О большой драматургии цирка
И у нас и за рубежом редки работы, где рассматриваются проблемы драматургии цирка, да и эти немногие статьи посвящены главным образом клоунаде и репризе. Драматургия же сюжетного представления все еще остается почти неисследованной областью.
Сцена из конно-балетной пантомимы «БАХЧИСАРАЙСКАЯ ЛЕГЕНДА».
Нет смысла обсуждать вопрос о том, нужны ли сюжетные представления и лучше ли они обычных «сборных» программ или хуже — они существуют с тех пор, как существует цирк. И стоило бы присмотреться к эволюции этого жанра — она может оказаться поучительной.
Начиная с пантомимы «Взятие Бастилии», поставленной Астлеем в 1790 году, в качестве сюжетов таких представлений выбирали по преимуществу общеизвестные исторические батальные эпизоды. Они заполнялись красочными конными кавалькадами, погонями и рукопашными схватками (в том же «Взятии Бастилии» даже отрубали головы у восковых фигур). Изображались придворные празднества с фейерверками, пестрые восточные базары, пожары, потопы и тому подобные эффектные обстановочные картины. Авантюрные сюжеты этих представлений не отличались сколько-нибудь глубоким содержанием, характеры действующих лиц были прямолинейны, и актерская игра чаще всего носила отпечаток любительской наивности.

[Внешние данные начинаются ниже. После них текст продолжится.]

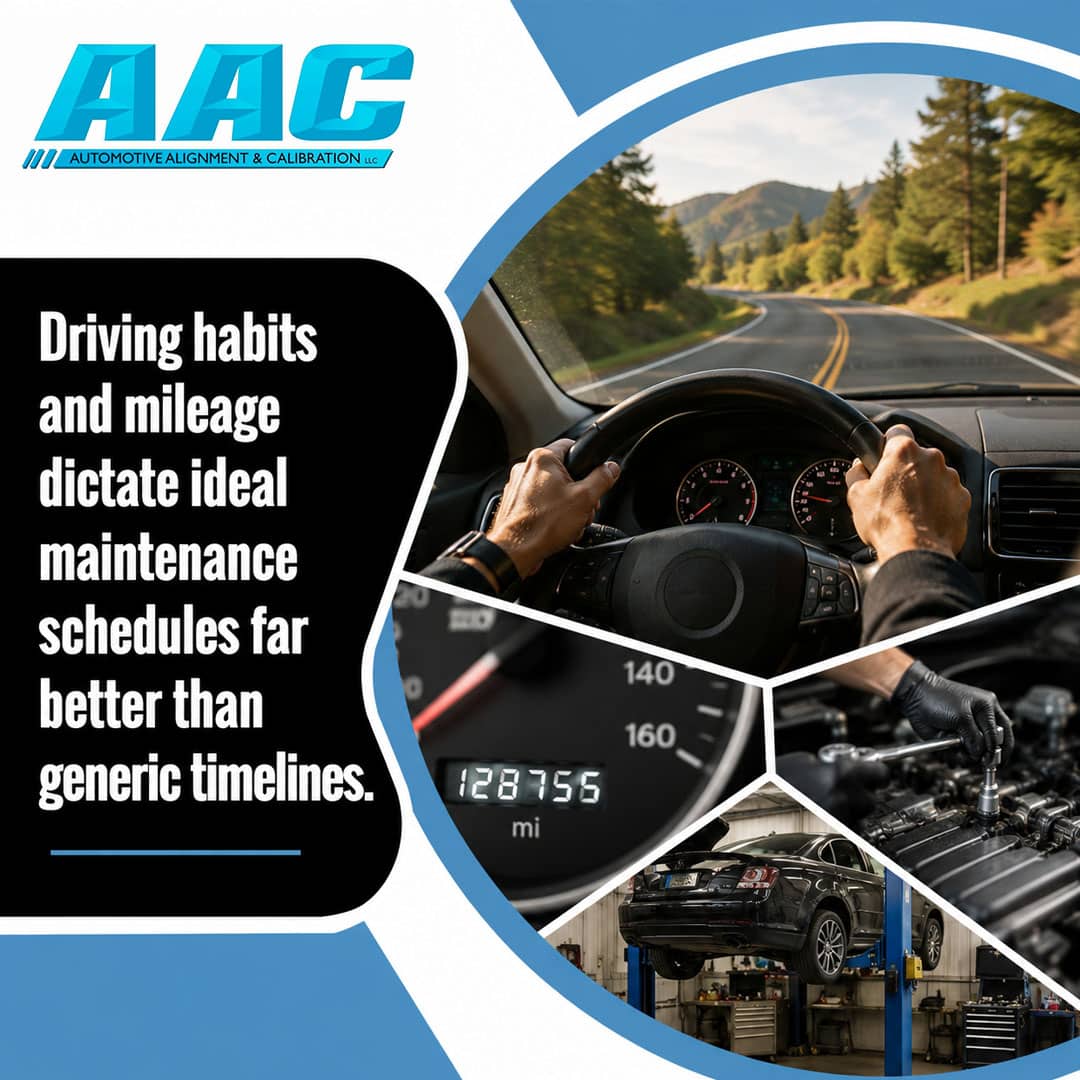 Hands gripping a steering wheel driving along a scenic mountain road, surrounded by hexagonal insets showing an odometer.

Подобное представление вовсе не требовало диалога: смысл несложного действия был понятен зрителям и без слов.
Такие «исторические» конно-батальные пантомимы во множестве ставились прежде в цирках европейских стран, в том числе и в русских дореволюционных цирках («Стенька Разин», «Взятие Перемышля» и др.). Во Франции они посвящались победам Наполеона, а затем колониальным войнам. И в Германии пантомимы изобиловали военными парадами и экзотическими шествиями с участием слонов и хищных зверей... Различия были тогда невелики: в парижских цирках храбрые французы сражались с коварными немцами, а в берлинском — храбрые немцы с коварными французами. Зато представителей покоренных народов Азии и Африки, наследников высоких древних культур, везде изображали одинаково: примитивными и жестокими дикарями в противовес цивилизованным, благородным и великодушным европейцам... Редко содержание пантомим было прогрессивным, как, например, в «Англо-бурской войне».

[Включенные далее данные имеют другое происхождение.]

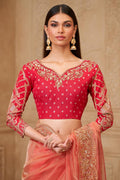 Peach Saree with Contrast Blouse Look – Perfect for Mehndi & Reception RTI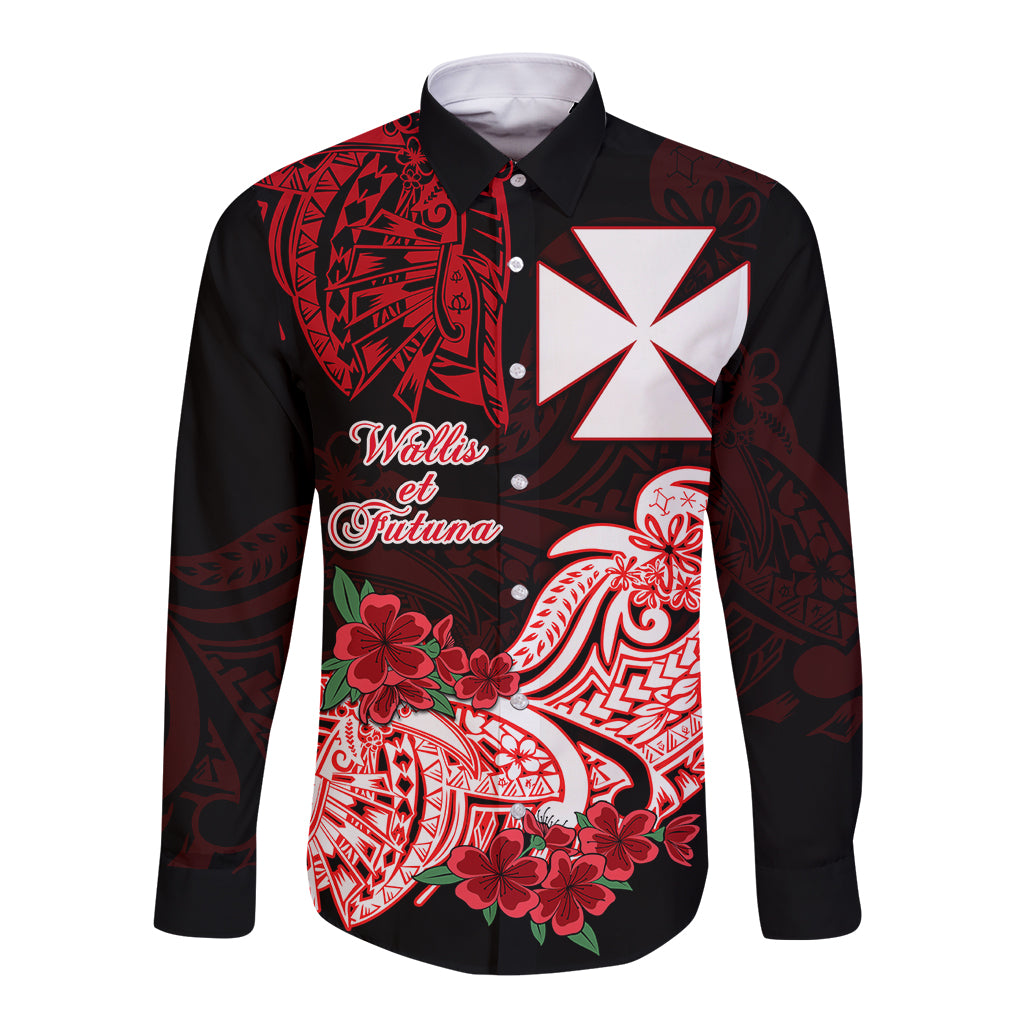 Wallis et Futuna Long Sleeve Button Shirt Polynesian Floral Tribal LT9 Unisex Black - Polynesian Pride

Вскоре выяснилось, что органично связывать эффектные массовые сцены с цирковыми номерами — дело вовсе не простое. Пришлось привлечь к созданию пантомим литераторов, знакомых со спецификой циркового искусства. И вот в Англии появляется автор «драм для цирка» Фитцболл, в Германии у Ренца — Август Симе (1845—1915), автор и режиссер, работавший также в России у Чинизелли и Саламонского, и другие. Но, несмотря на участие профессиональных литераторов, традиционный характер пантомимы не меняется — совершенствуется лишь детальная разработка эпизодов, разнообразятся мотивировки введения цирковых номеров. Стали использоваться сюжеты популярных романов — таких, как «Камо грядеши», «Тарзан», позднее «Бен-Гур», но трактовка их оставалась все такой же поверхностно-прямолинейной.
Совершенно новые задачи поставил перед жанром сюжетного представления советский цирк. На первый план выдвинулось идейное содержание. Требовалось пусть условное, но в самом главном правдивое изображение действительности. А действительность была значительно сложнее традиционных лубочных схем. И первое же крупное произведение этого жанра в советском цирке — «Махновщина» В. Масса — получилось новым не только по содержанию, но и по форме.

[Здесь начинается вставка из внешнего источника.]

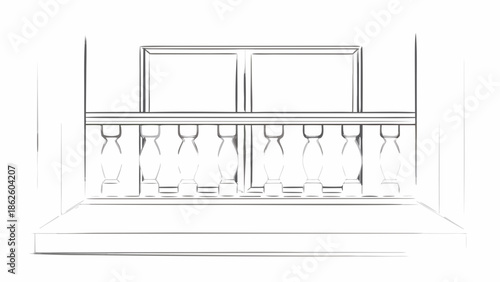 Detailed architectural design of a balcony with a railing and rectangular decoration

Сохранив от традиционной пантомимы авантюрный сюжет, батальные сцены и такие эффектные эпизоды, как взрыв моста, водяные трюки, фейерверк, сценарий «Махновщины» должен был вместе с тем очень четко мотивировать поступки действующих лиц. И здесь оказалось невозможным обойтись без словесного диалога. Но как только действующие лица заговорили, у них проявились более сложные, чем прежде, характеры. А это потребовало другого качества актерской игры, и пришлось пригласить для работы с артистами театрального режиссера Э. Краснянского.
Так на основе старой пантомимы в советском цирке начал зарождаться новый жанр сюжетных представлений. И, говоря о современной советской пантомиме, мы уже имеем в виду зрелище, во многом принципиально отличное от пантомимы «классической». Его отличает прежде всего стремление к драматургической завершенности. Создается цельное, законченное драматическое или комедийное представление с единым сюжетом, с характерами действующих лиц и психологическими мотивировками поступков. Цирковые номера органически, естественно вписываются в такой сюжет. Эти качества проявляются даже в том случае, когда представление идет без слов, как было, например, в «Карнавале на Кубе», с большим успехом поставленном на манеже Московского цирка.
За рубежом, где «классическая» цирковая пантомима давно стала редкостью, поиски идут в совсем другом направлении. В сборнике статей «Артисты, их работа и искусство» (Берлин, 1965) д-р Э. Рейхе, опираясь на многолетний опыт цирков ГДР и мюзик-холла «Фридрихштадт-паласт», рассказывает лишь о так называемых ревю, где эскизно прочерченная сюжетная линия только мотивирует демонстрацию цирковых номеров.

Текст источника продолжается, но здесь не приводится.